Birinci vazifen, Türk
istiklâlini, Türk Cumhuriyetini, ilelebet, muhafaza ve
müdafaa etmektir.
Mevcudiyetinin ve istikbalinin yegâne
temeli budur. Bu temel, senin, en kıymetli hazinendir, istikbalde
dahi, seni, bu hazineden, mahrum etmek isteyecek, dahilî ve
haricî, bedhahların olacaktır. Bir gün, istiklâl
ve cumhuriyeti müdafaa mecburiyetine düşersen, vazifeye
atılmak için, içinde bulunacağın vaziyetin imkân
ve şeraitini düşünmeyeceksin!
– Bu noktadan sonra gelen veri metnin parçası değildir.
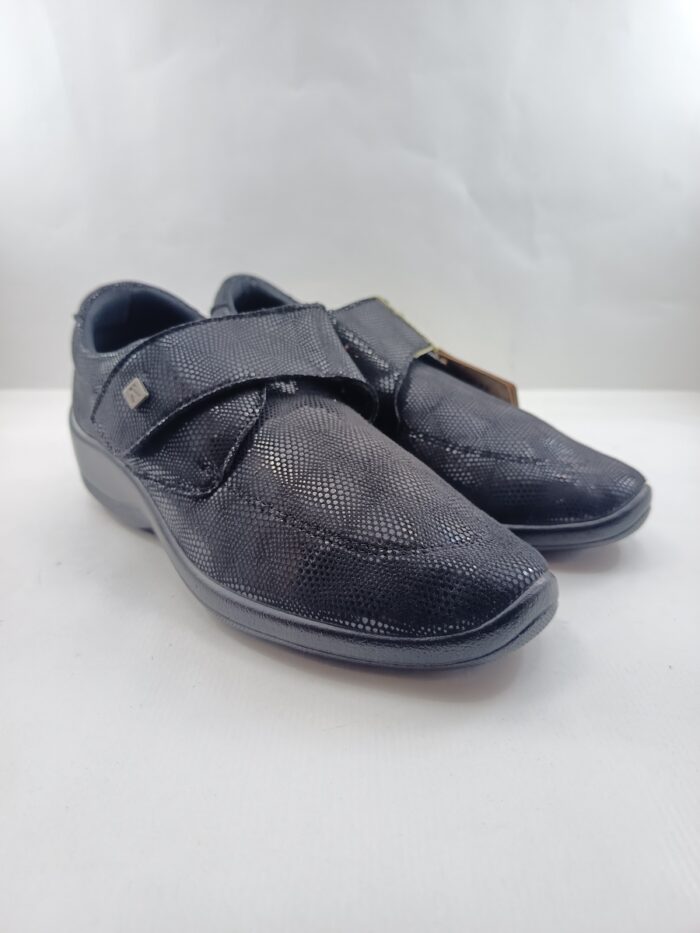 Semi-sport abotinado de piel negra con cierre de velcro, A'rcopedico mod. 4626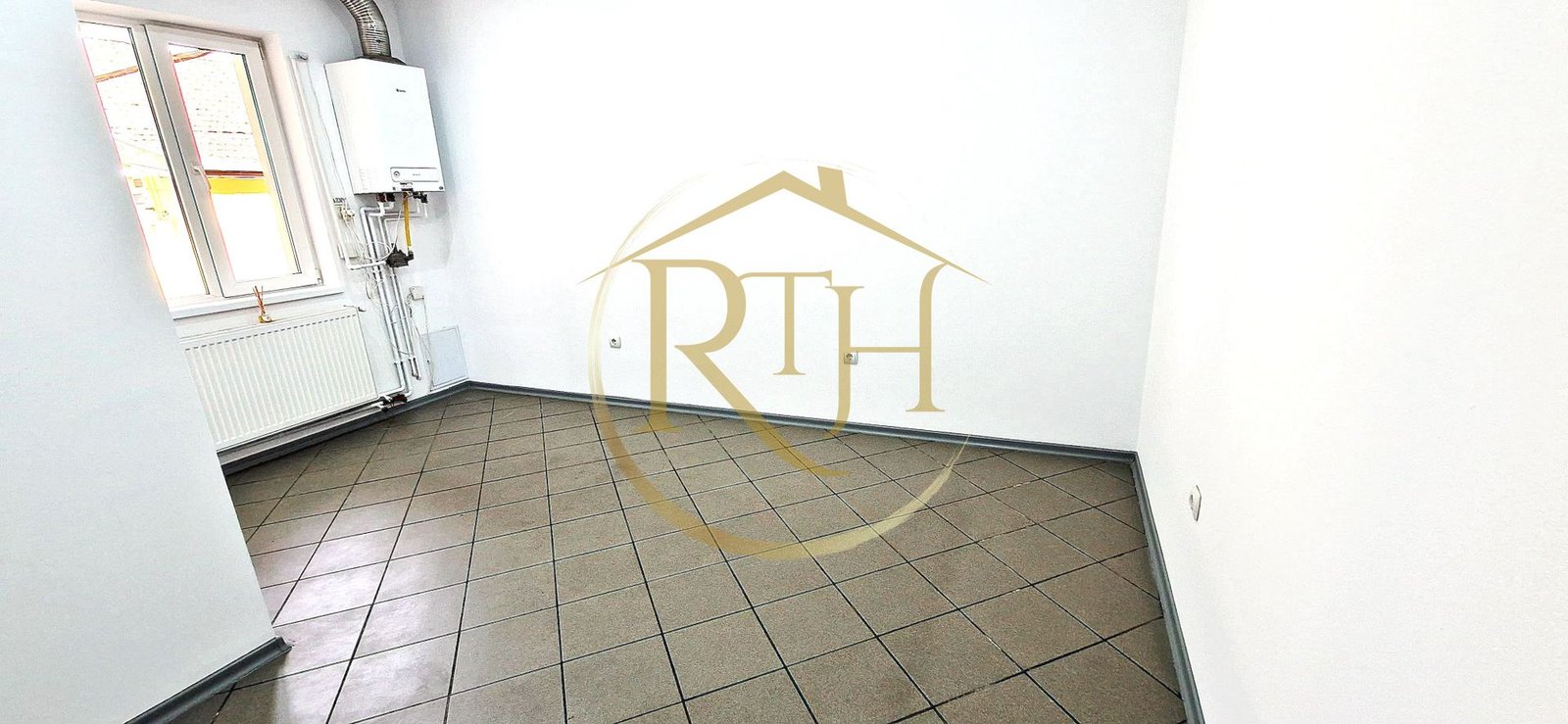 Spațiu comercial/birouri de închiriat – vad comercial excelent – zona Bălcescu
Bu imkân ve şerait,
çok nâmüsait bir mahiyette tezahür edebilir.
İstiklâl ve cumhuriyetine kastedecek düşmanlar, bütün
dünyada emsali görülmemiş bir galibiyetin mümessili
olabilirler. Cebren ve hile ile aziz vatanın, bütün
kaleleri zapt edilmiş, bütün tersanelerine girilmiş,
bütün orduları dağıtılmış ve memleketin her köşesi
bilfiil işgal edilmiş olabilir.
Bütün bu şeraitten daha
elîm ve daha vahim olmak üzere, memleketin dahilinde,
iktidara sahip olanlar gaflet ve dalâlet ve hatta hıyanet
içinde bulunabilirler. Hatta bu iktidar sahipleri şahsî
menfaatlerini, müstevlilerin siyasî emelleriyle tevhid
edebilirler. Millet, fakru zaruret içinde harap ve bîtap
düşmüş olabilir.
Ey Türk istikbalinin evlâdı!
İşte; bu ahval ve şerait içinde dahi, vazifen; Türk
istiklâl ve cumhuriyetini kurtarmaktır!
Muhtaç olduğun kudret
damarlarındaki asil kanda, mevcuttur!"
Mustafa Kemal Atatürk, 20 Ekim 1927
Sevgili
Atamızı, sadece beden olarak, aramızdan ayrılışının 74. yıl
dönümü olan 10.Kasım.2012 bugün, şükran
duygularımızla, sevgi ve saygılarımızla, yürekten anıyoruz.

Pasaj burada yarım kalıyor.